Chilli Chicken Recipe In Bengali Language Pdf


Download https://mciun.com/2A4iKM



Made your base sauce today. So easy and came out brilliant. Made a bhuna with it. Im an expat living in spain and have been trying to copy our Birmingham curry's for years. I've managed a few but this was awesome. We used to order something called a jaipur. Do you know this? Quite hot but sweet aswell. Like mixing a madras with a tikka masala really. Cannot find a recipe anywhere online. If you have any idea of how to make this I'd love to see it on here. Making the chasni tomorrow ????.Thanks for all your effort. Wont be looking anywhere else for curry recipes that's for sure.

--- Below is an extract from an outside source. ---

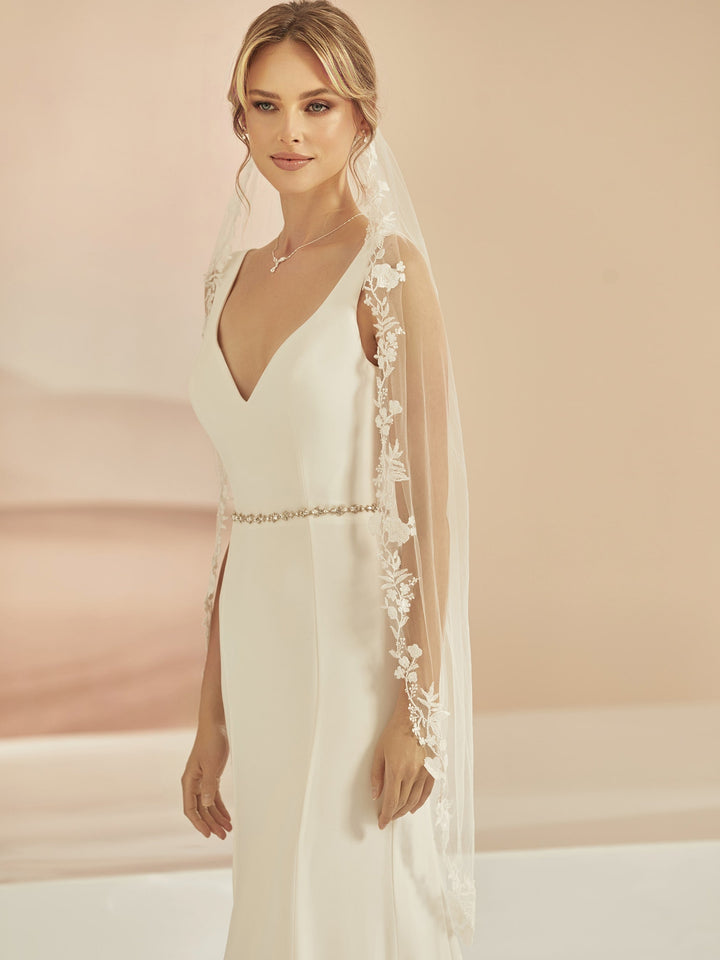 Voile de mariée court 110 cm en tulle souple ivoire bordé de dentelle S413 Bianco Evento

Yes there is a restaurant version with base sauce in The Curry Guy Bible and a recipe from scratch that does not require a base sauce in my just released book The Curry Guy One Pot.Thanks very much.Dan

This Chilli Chicken is an epic holiday, game day & a party appetizer you need in your Indian-Chinese recipe repertoire! These crispy & tender chicken bites are tossed in an addictively delicious hot, sweet and tangy chili sauce. This restaurant style chili fried chicken is a crowd-pleasing appetizer you can make for weekend meals, parties, game day or potlucks.

Onions, bell peppers, garlic, chilli sauce, soya sauce and vinegar come together to form a delicious finger-licking good sauce. To finish, crispy chicken is then tossed in this chili sauce & garnished with green onions.

Chilli sauce: Chili sauce is the main ingredient in this recipe. In restaurants, red chili sauce is always used and sometimes even green chili sauce is used. In India, Chings and Maggie are the popular brands used. But you can use any Asian chili sauce that is sweet, hot and tangy. You can use any other favorite sauce like Schezwan sauce, but it will take on the different flavors.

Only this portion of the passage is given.